**Data under study**
^^^^

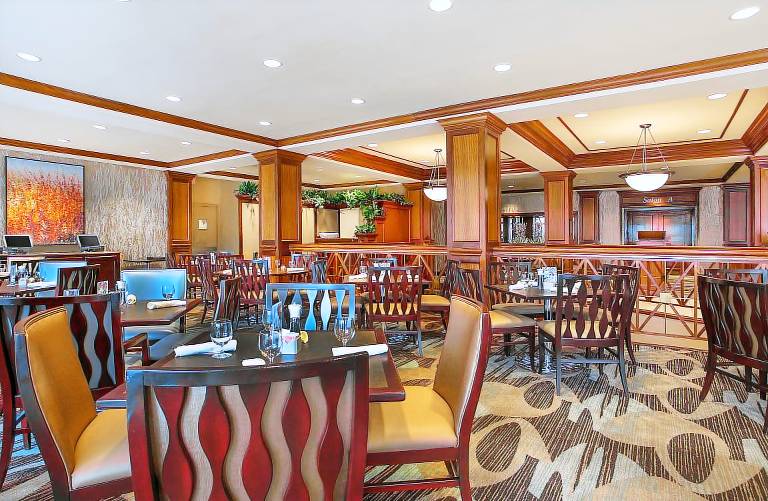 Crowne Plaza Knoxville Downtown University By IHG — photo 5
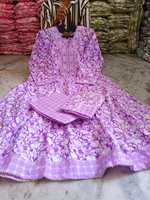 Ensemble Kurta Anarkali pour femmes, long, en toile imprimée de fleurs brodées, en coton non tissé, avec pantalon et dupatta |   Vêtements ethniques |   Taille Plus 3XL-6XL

^^^^

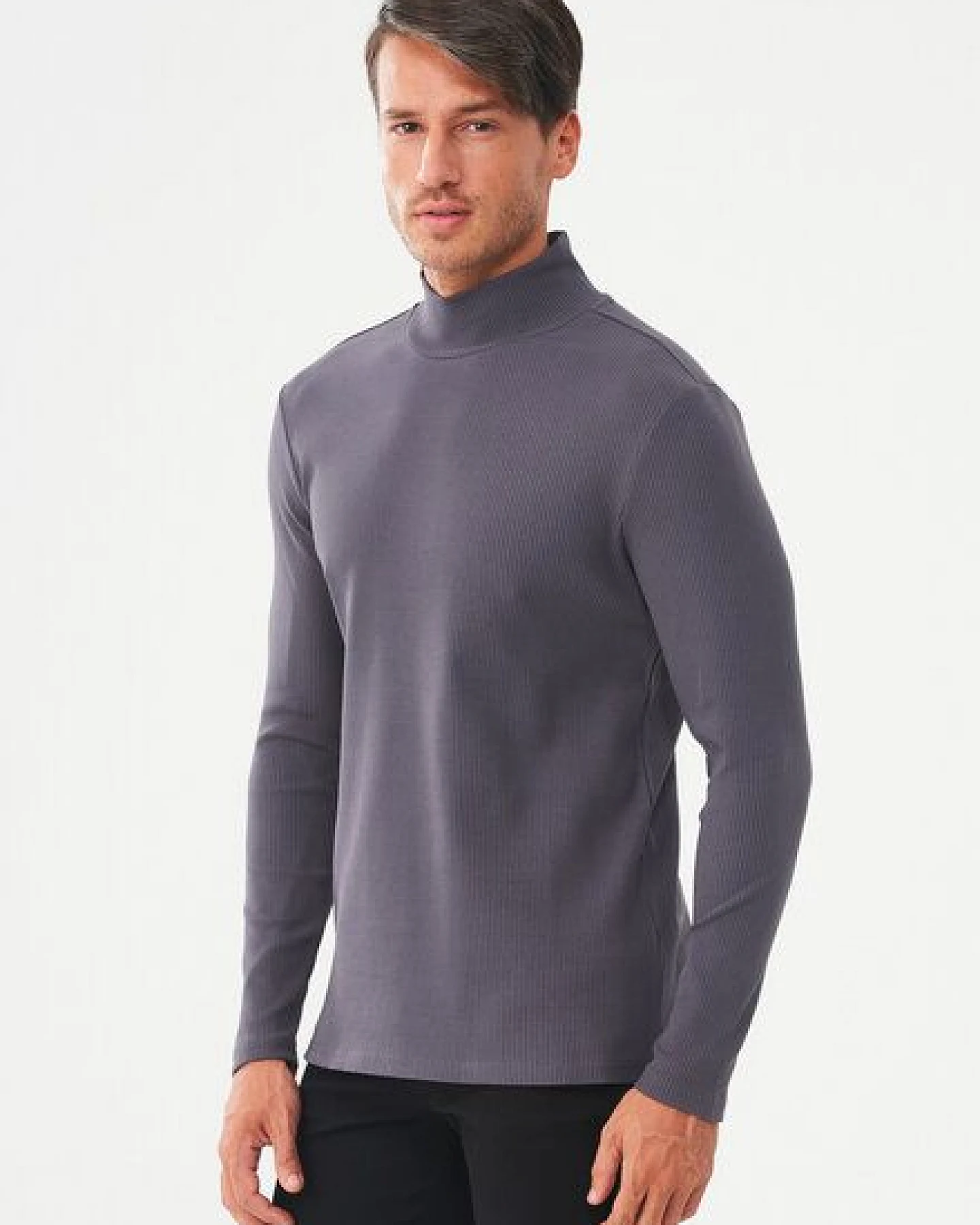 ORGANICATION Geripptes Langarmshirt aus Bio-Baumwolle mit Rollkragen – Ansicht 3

^^^^

**Exercise brief**
From the records above, quote word for word only the lines beginning at the line that has "Crowne Plaza Knoxville" and stopping after the line that has "Ensemble Kurta Anarkali". Omit the pictures.

**Response**
 Crowne Plaza Knoxville Downtown University By IHG — photo 5
 Ensemble Kurta Anarkali pour femmes, long, en toile imprimée de fleurs brodées, en coton non tissé, avec pantalon et dupatta |   Vêtements ethniques |   Taille Plus 3XL-6XL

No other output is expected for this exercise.